**What you will do:** From the first line to the last, transcribe the data exactly and skip the pictures.

**Data below:**
------------

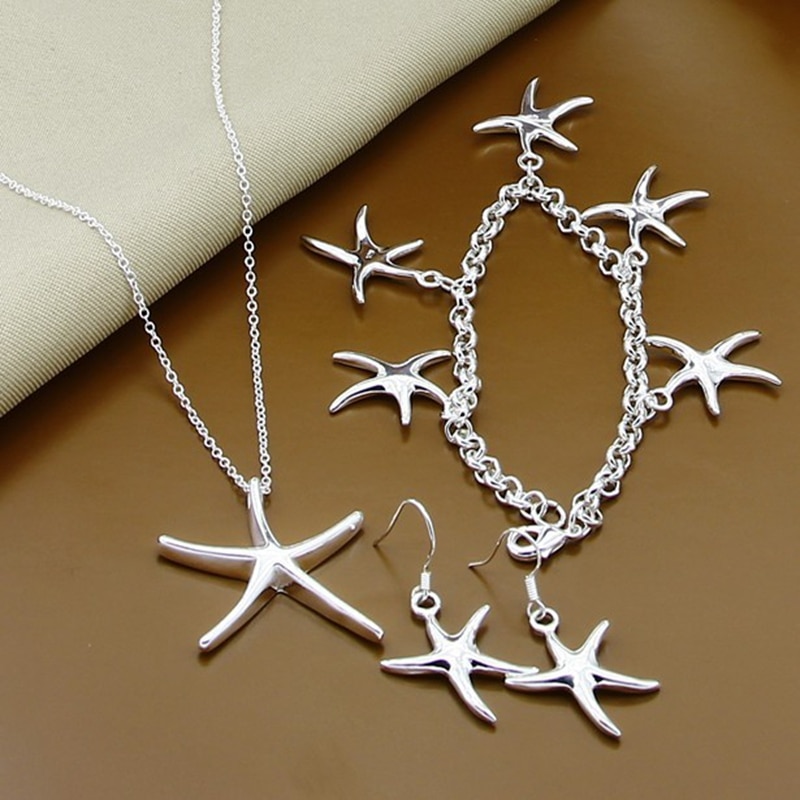 925 Sterling Silver Jewerly Set Lucky Star Necklace Bracelet Earrings Set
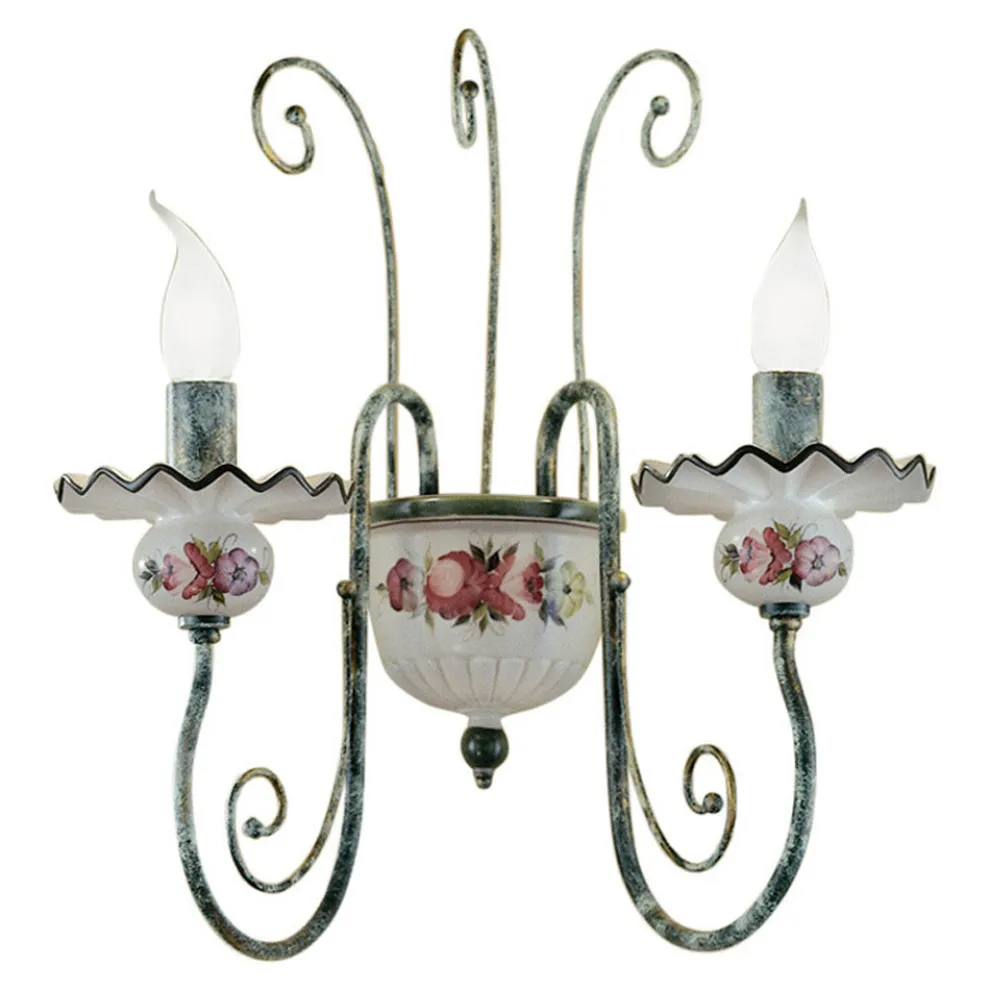 Wandleuchte mit 2 Lichtern aus handverzierter Keramik und antikem Messing - Sanremo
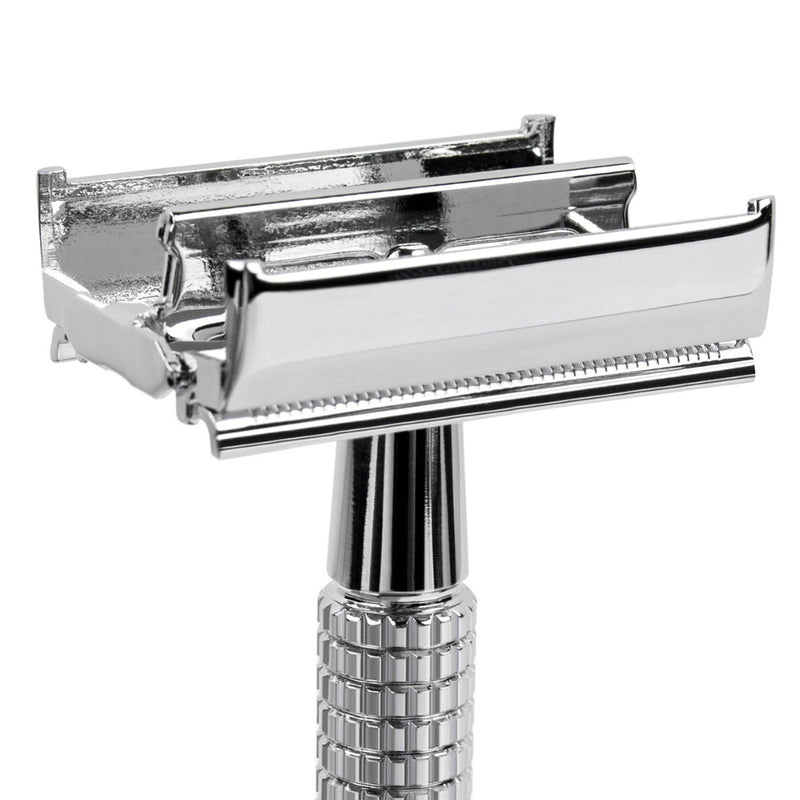 QSHAVE 8.6cm Short Handle Classic Safety Razor with 5 blades silver plated RD267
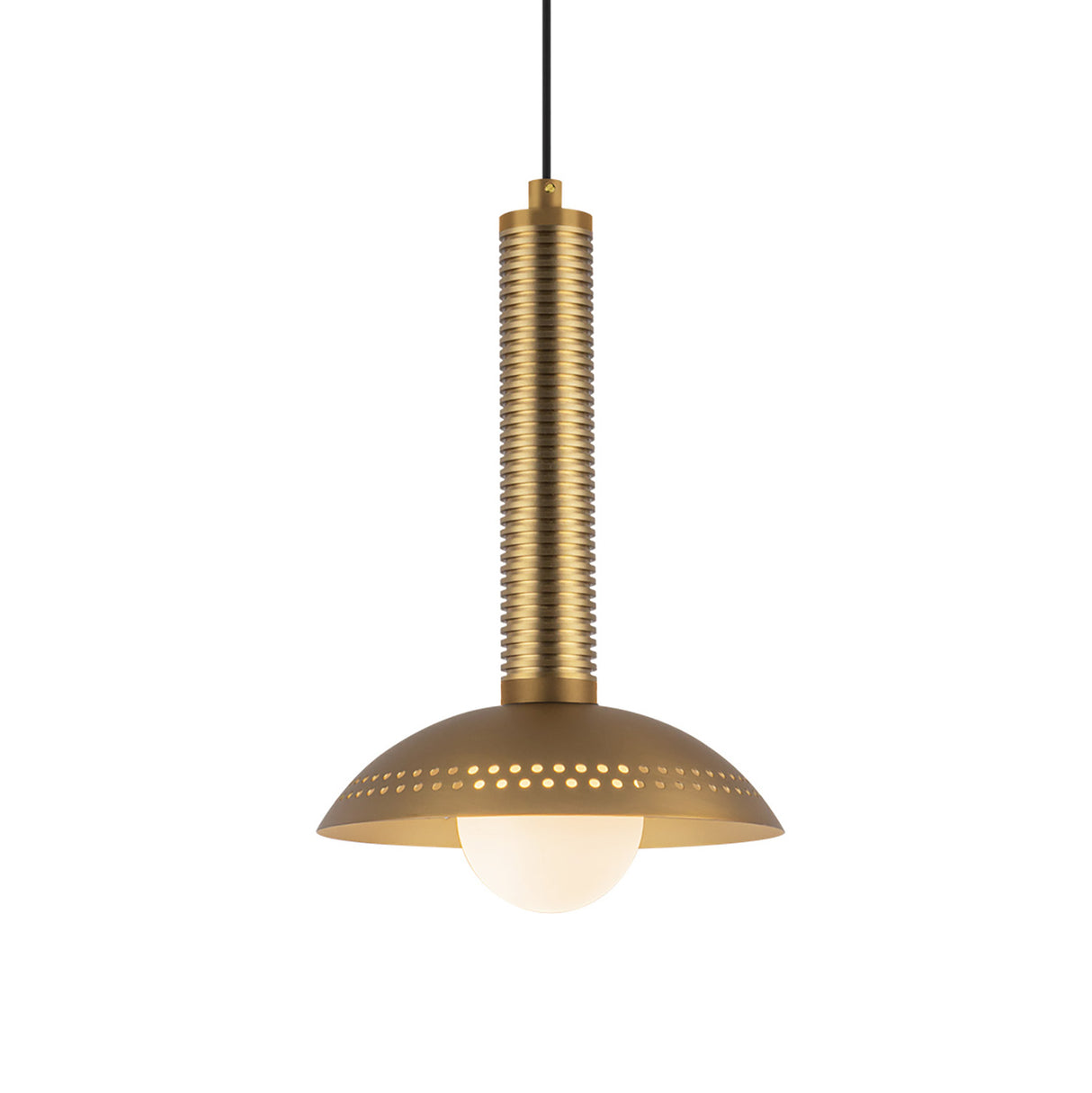 Sheila LED Pendant 9", Brushed Brass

------------

**Exercise output:**
 925 Sterling Silver Jewerly Set Lucky Star Necklace Bracelet Earrings Set
 Wandleuchte mit 2 Lichtern aus handverzierter Keramik und antikem Messing - Sanremo
 QSHAVE 8.6cm Short Handle Classic Safety Razor with 5 blades silver plated RD267
 Sheila LED Pendant 9", Brushed Brass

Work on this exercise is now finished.